The output should match, line for line, the records from the line containing "-广东惠东海龟国家级自然保护区" through the line containing "Introduction to Python", with every picture left out.

[Data records]
*** Begin section ***

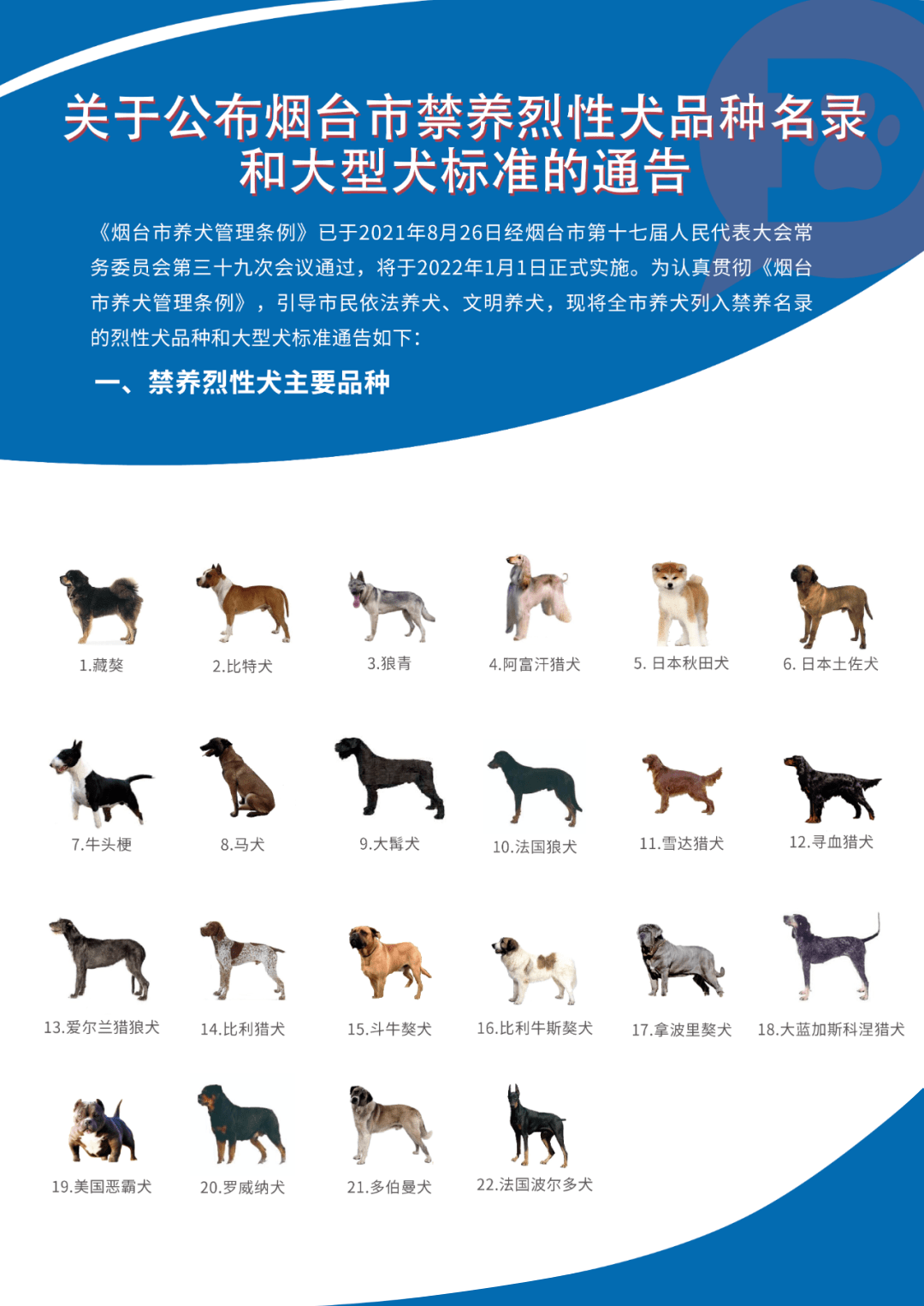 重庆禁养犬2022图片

*** End section ***
*** Begin section ***

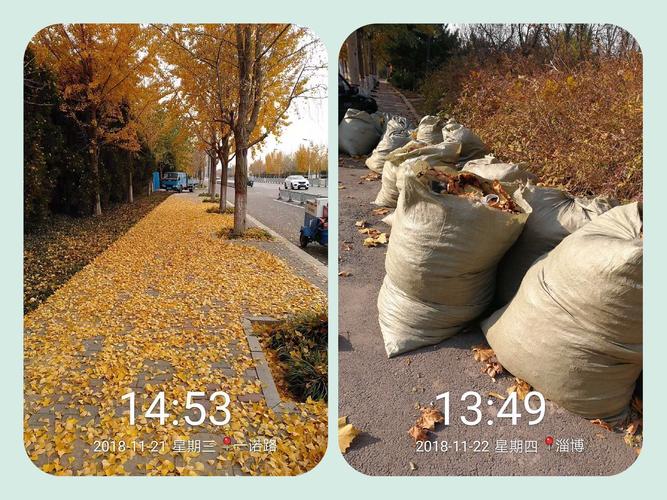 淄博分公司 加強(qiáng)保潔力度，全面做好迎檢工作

*** End section ***
*** Begin section ***

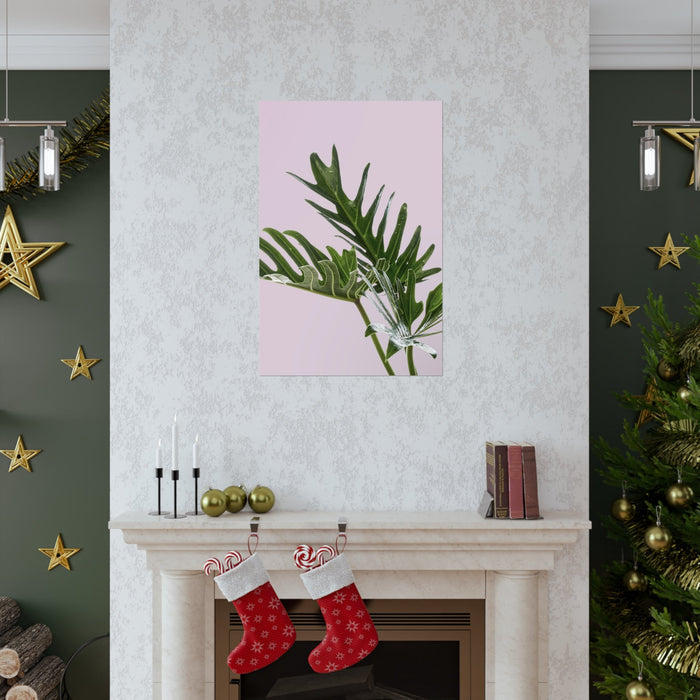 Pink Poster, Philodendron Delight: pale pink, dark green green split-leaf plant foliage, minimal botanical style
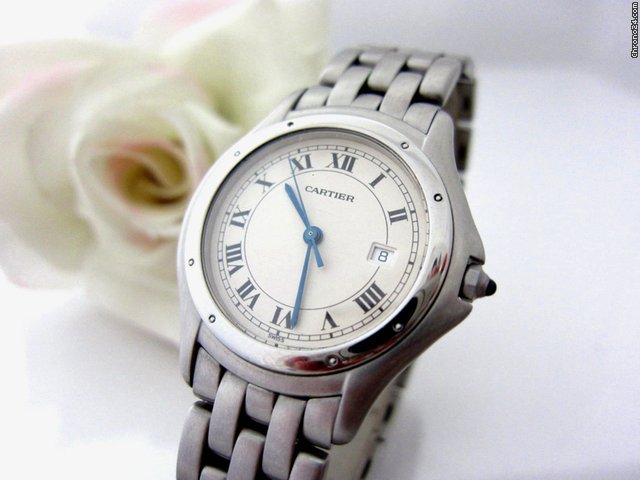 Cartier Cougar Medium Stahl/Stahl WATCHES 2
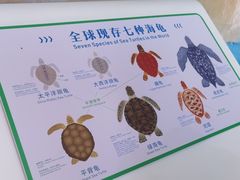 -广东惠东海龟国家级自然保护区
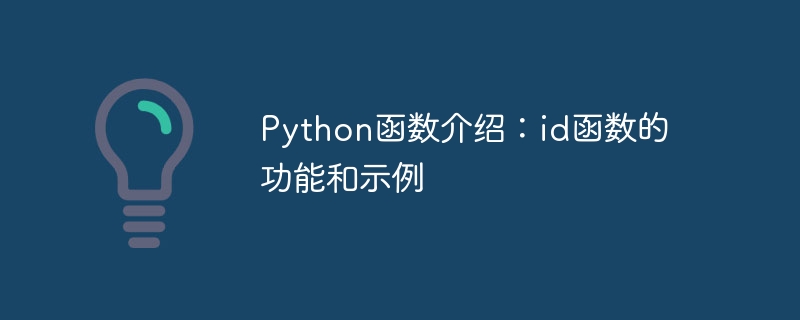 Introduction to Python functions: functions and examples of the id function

*** End section ***

[Task solution]
 -广东惠东海龟国家级自然保护区
 Introduction to Python functions: functions and examples of the id function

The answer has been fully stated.